### DATA TO USE
--- START ---

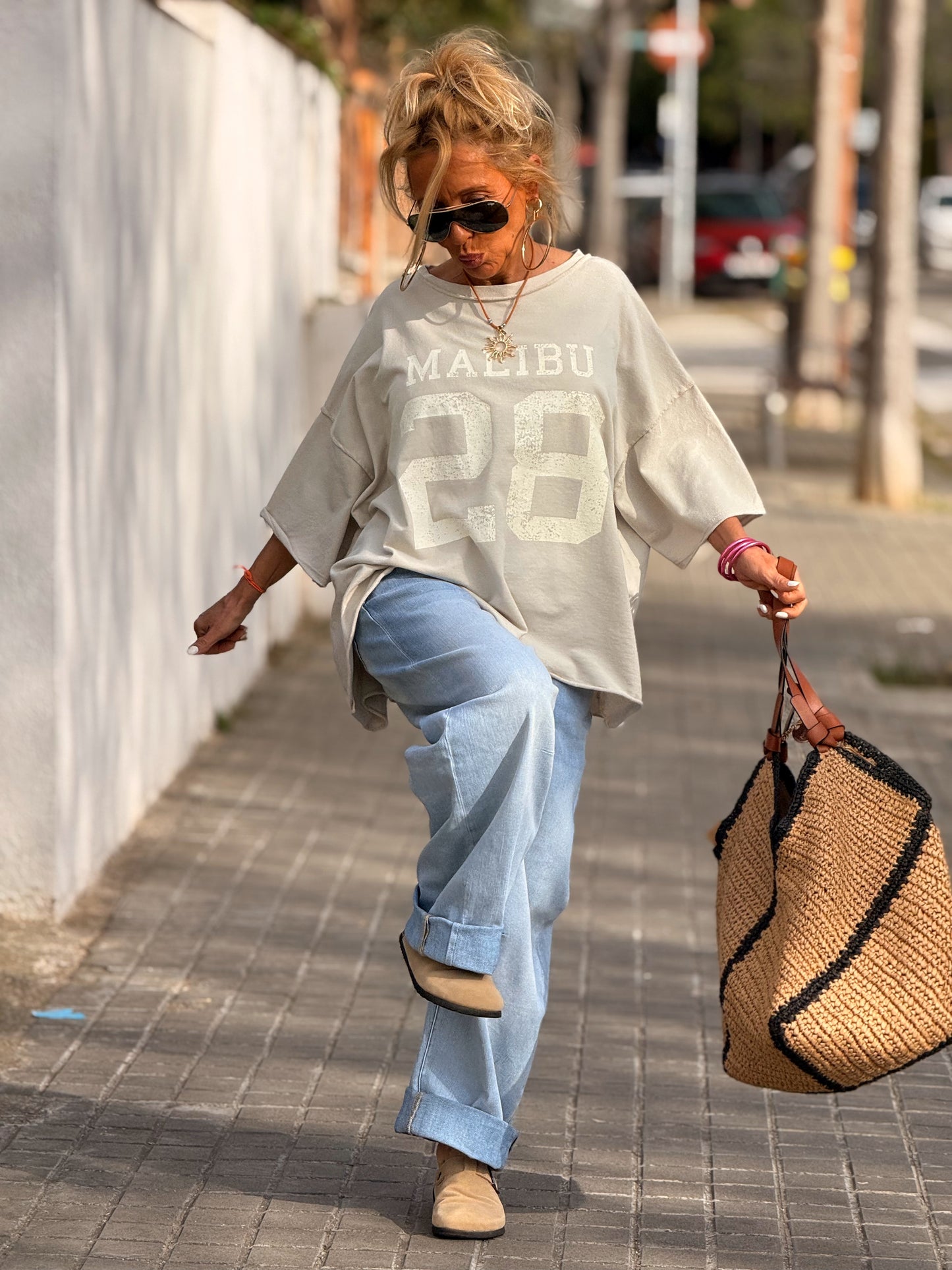 CAMISETA SUPER OVERSIZE DESGASTADA MALIBU MULTICOLOR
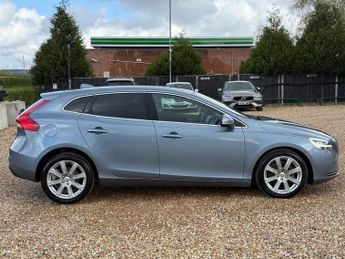 Volvo V40 2.0 D2 Inscription Hatchback 5dr Diesel Manual Euro 6 (s/s) (120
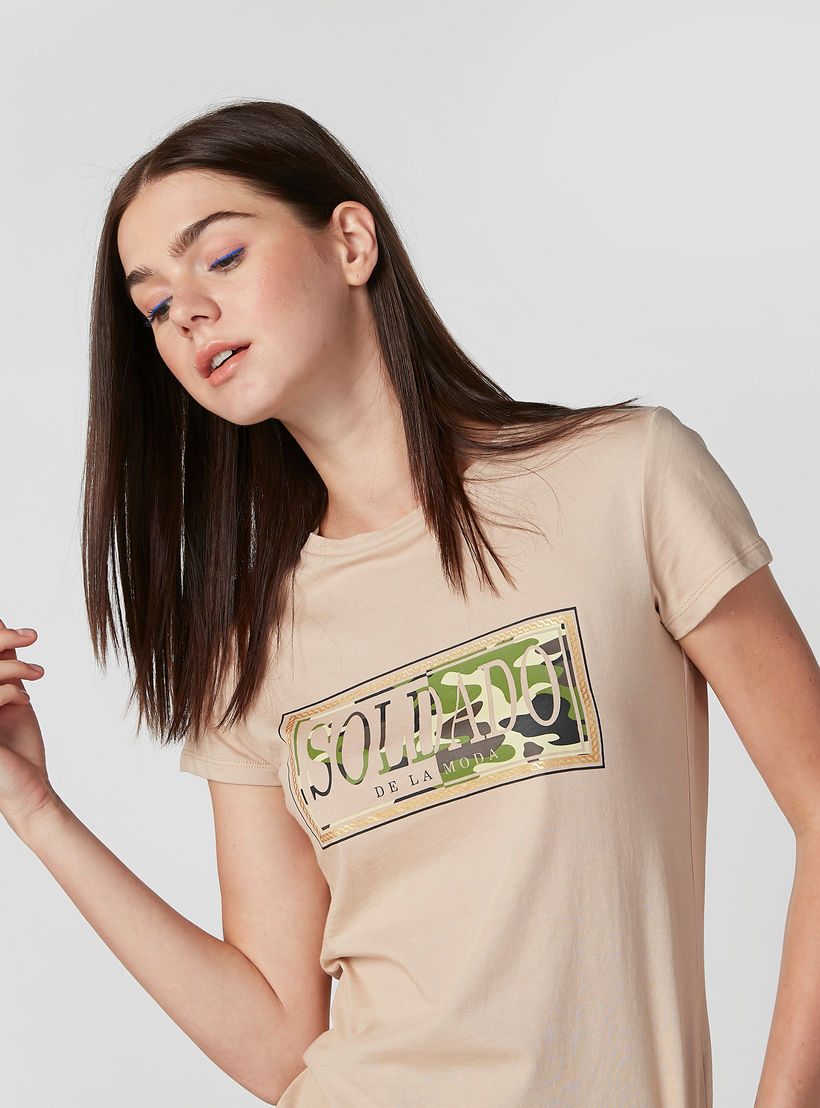 تيشيرت بياقة مستديرة وأكمام كاب وطبعات-women-clothing-tshirts-image-2
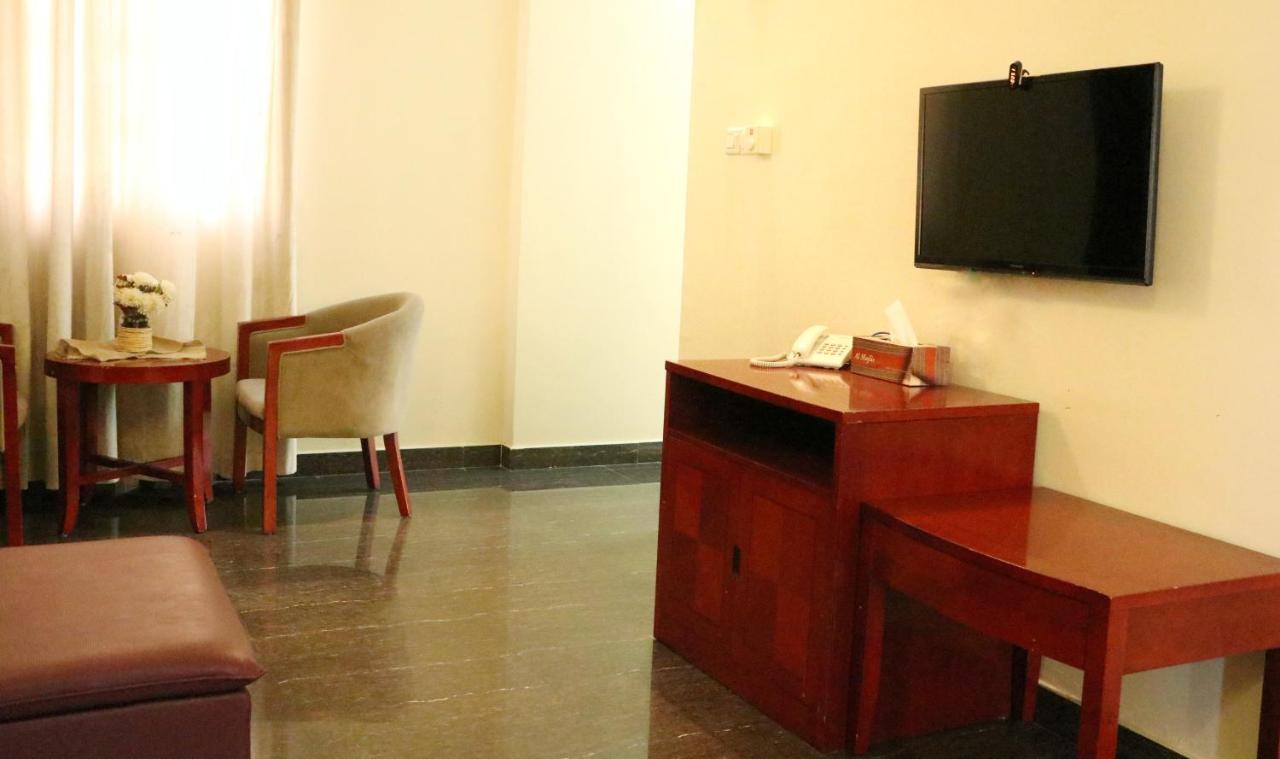 Rimal Suites Apartments Салала Екстер'єр фото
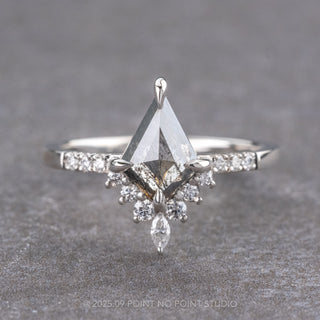 salt and pepper diamond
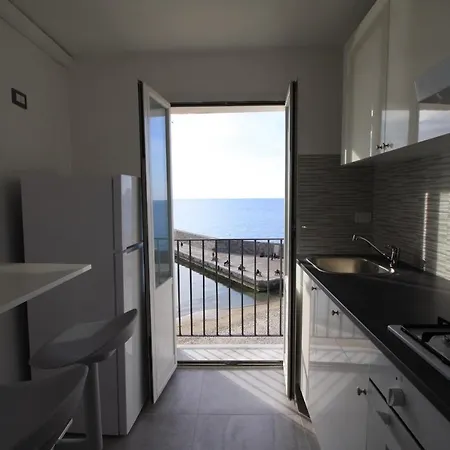 Sea Fly Balcony * Cefalu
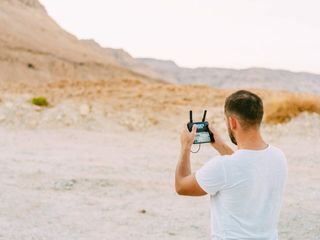 Latanie dronem a przepisy prawne. Jak zdobyć uprawnienia na drona?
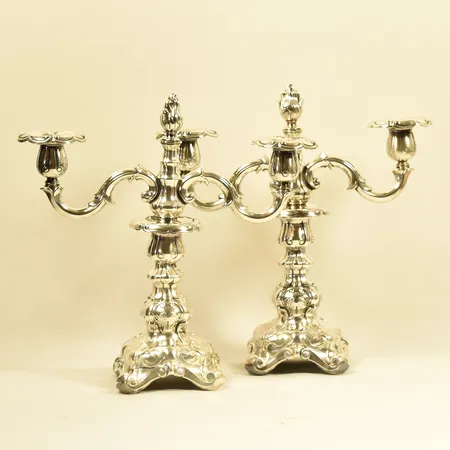 Ett par kandelabrar/ljusstakar, Rokoko stil, avtagbara ljushållare, höjd ca 32 cm, bredd ca 31 cm, en ljushållare är krökt, GAB nysilver. Skickas med postpaket.
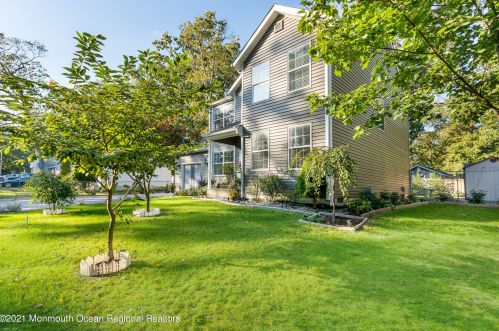 126 Dennis Ave, Browns Mills, NJ 08015-1951
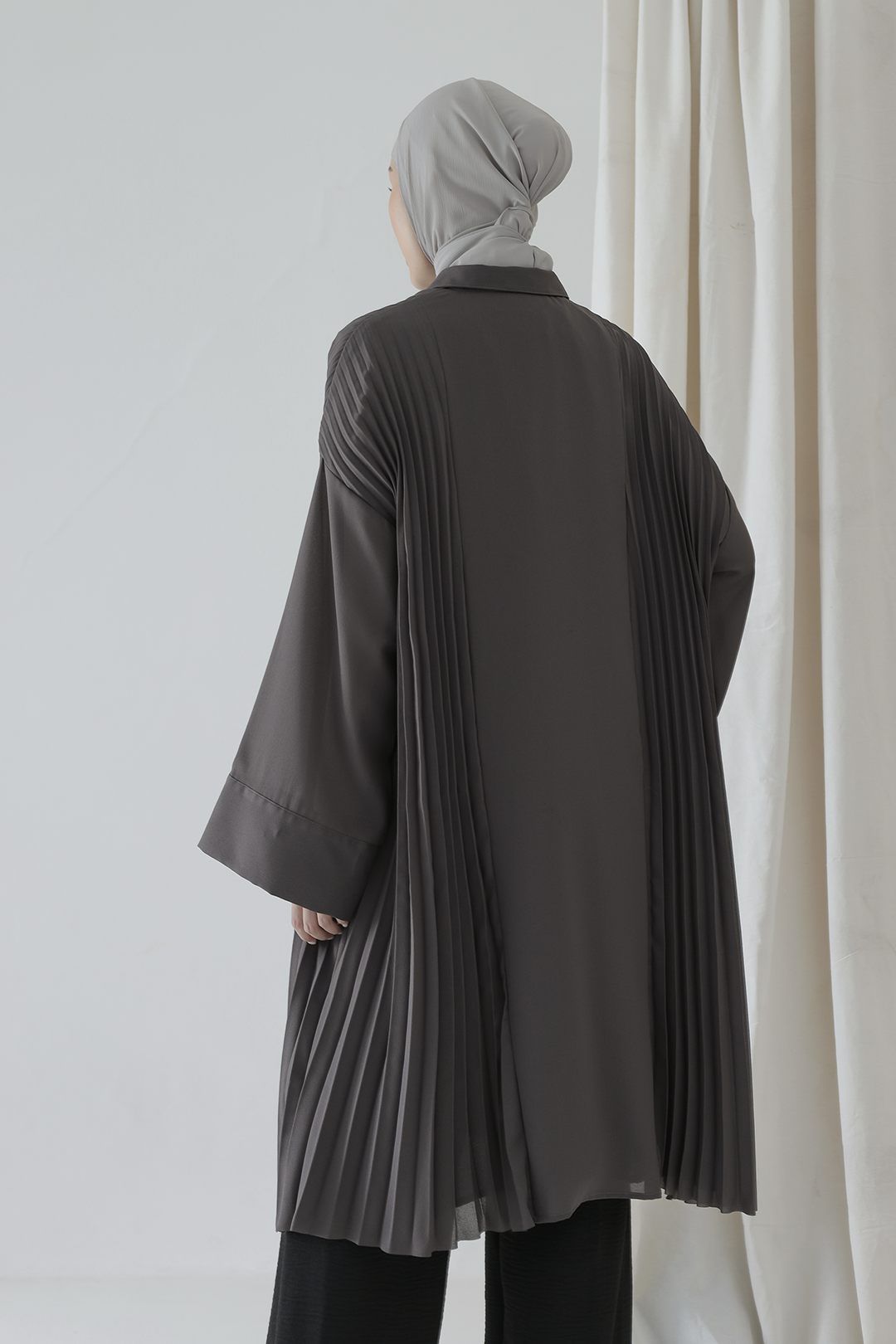 Dark Grey Vanya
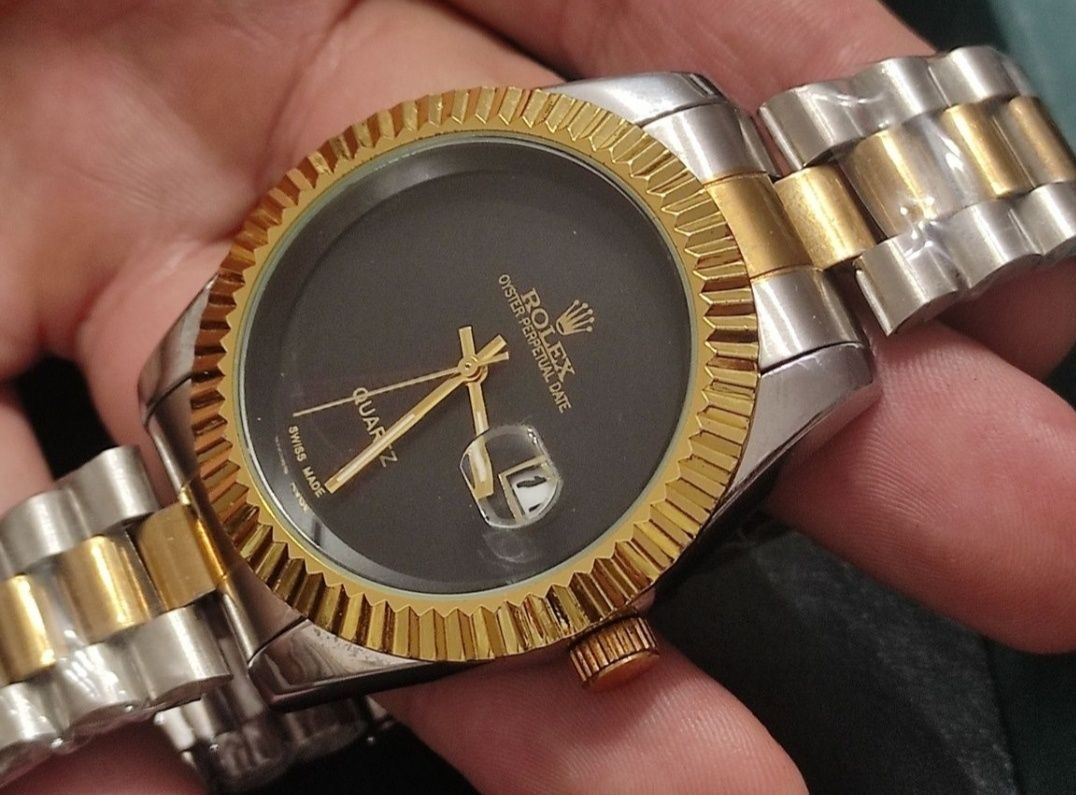 ROLEX Oyster Perpetual Date / Часовник / Swiss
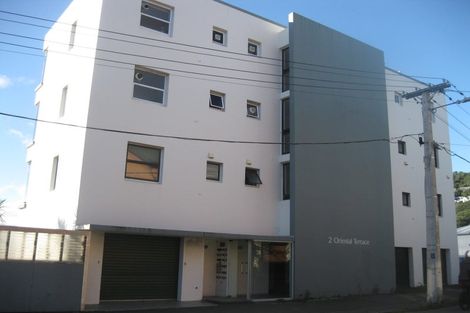 Photo of property in 7/2 Oriental Terrace, Mount Victoria, Wellington, 6011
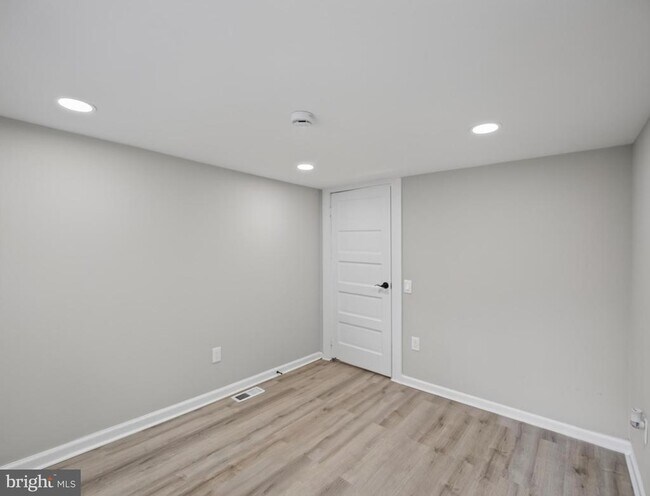 Building Photo - 6008 Addison Rd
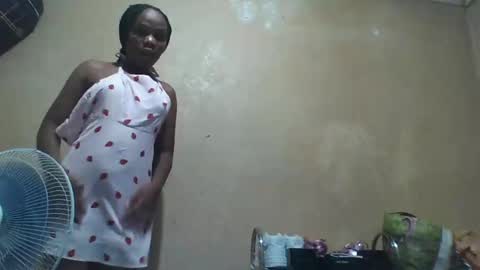 juice_petite3 online show from February 24, 12:05 am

--- END ---

### ABOUT THIS TASK
Using the records above, extract exactly and only the lines from the one with "تيشيرت بياقة مستديرة" through the final line, inclusive, leaving out pictures.

### SOLUTION TO THE EXERCISE
 تيشيرت بياقة مستديرة وأكمام كاب وطبعات-women-clothing-tshirts-image-2
 Rimal Suites Apartments Салала Екстер'єр фото
 salt and pepper diamond
 Sea Fly Balcony * Cefalu
 Latanie dronem a przepisy prawne. Jak zdobyć uprawnienia na drona?
 Ett par kandelabrar/ljusstakar, Rokoko stil, avtagbara ljushållare, höjd ca 32 cm, bredd ca 31 cm, en ljushållare är krökt, GAB nysilver. Skickas med postpaket.
 126 Dennis Ave, Browns Mills, NJ 08015-1951
 Dark Grey Vanya
 ROLEX Oyster Perpetual Date / Часовник / Swiss
 Photo of property in 7/2 Oriental Terrace, Mount Victoria, Wellington, 6011
 Building Photo - 6008 Addison Rd
 juice_petite3 online show from February 24, 12:05 am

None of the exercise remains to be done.